-- DATA PROVIDED --

--- START ---

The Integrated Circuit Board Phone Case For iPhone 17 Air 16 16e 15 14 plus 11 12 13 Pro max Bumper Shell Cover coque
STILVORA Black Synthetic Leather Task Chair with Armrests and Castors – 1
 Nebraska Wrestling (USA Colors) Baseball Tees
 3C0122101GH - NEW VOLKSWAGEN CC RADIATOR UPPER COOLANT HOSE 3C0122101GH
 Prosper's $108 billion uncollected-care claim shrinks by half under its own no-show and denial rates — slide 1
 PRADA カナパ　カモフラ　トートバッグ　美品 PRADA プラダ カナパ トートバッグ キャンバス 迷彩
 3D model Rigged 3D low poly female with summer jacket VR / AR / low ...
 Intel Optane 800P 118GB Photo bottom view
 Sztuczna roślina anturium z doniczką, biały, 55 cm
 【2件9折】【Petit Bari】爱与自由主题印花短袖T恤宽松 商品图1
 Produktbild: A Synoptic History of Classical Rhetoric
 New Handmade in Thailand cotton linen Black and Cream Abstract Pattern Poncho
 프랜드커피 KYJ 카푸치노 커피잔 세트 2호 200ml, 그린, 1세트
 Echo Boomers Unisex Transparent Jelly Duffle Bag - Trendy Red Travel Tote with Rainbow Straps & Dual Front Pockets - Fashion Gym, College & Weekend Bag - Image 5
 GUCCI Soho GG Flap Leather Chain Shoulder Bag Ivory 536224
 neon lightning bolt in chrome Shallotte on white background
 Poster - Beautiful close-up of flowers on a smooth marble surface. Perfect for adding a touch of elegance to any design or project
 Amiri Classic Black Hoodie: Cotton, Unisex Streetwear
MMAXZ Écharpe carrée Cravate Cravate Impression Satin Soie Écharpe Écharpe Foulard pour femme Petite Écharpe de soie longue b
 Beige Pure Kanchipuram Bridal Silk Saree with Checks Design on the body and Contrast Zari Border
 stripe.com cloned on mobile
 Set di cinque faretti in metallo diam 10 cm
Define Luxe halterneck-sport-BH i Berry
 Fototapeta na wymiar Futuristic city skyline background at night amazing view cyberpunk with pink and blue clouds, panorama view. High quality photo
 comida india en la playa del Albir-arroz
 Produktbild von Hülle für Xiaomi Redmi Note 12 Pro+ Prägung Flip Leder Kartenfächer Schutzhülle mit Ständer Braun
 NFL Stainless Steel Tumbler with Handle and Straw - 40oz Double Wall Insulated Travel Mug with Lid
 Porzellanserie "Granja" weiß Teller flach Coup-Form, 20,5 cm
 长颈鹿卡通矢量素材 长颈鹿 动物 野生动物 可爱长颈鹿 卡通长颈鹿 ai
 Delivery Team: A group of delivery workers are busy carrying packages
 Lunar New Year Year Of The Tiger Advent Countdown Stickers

--- END ---

-- ACTIVITY --
Lines from the one containing "长颈鹿卡通矢量素材 长颈鹿 动物 野生动物 可爱长颈鹿 卡通长颈鹿 ai" to the end of the data are to be printed exactly, including the first and last.

-- ANSWER TO THIS EXERCISE --
 长颈鹿卡通矢量素材 长颈鹿 动物 野生动物 可爱长颈鹿 卡通长颈鹿 ai
 Delivery Team: A group of delivery workers are busy carrying packages
 Lunar New Year Year Of The Tiger Advent Countdown Stickers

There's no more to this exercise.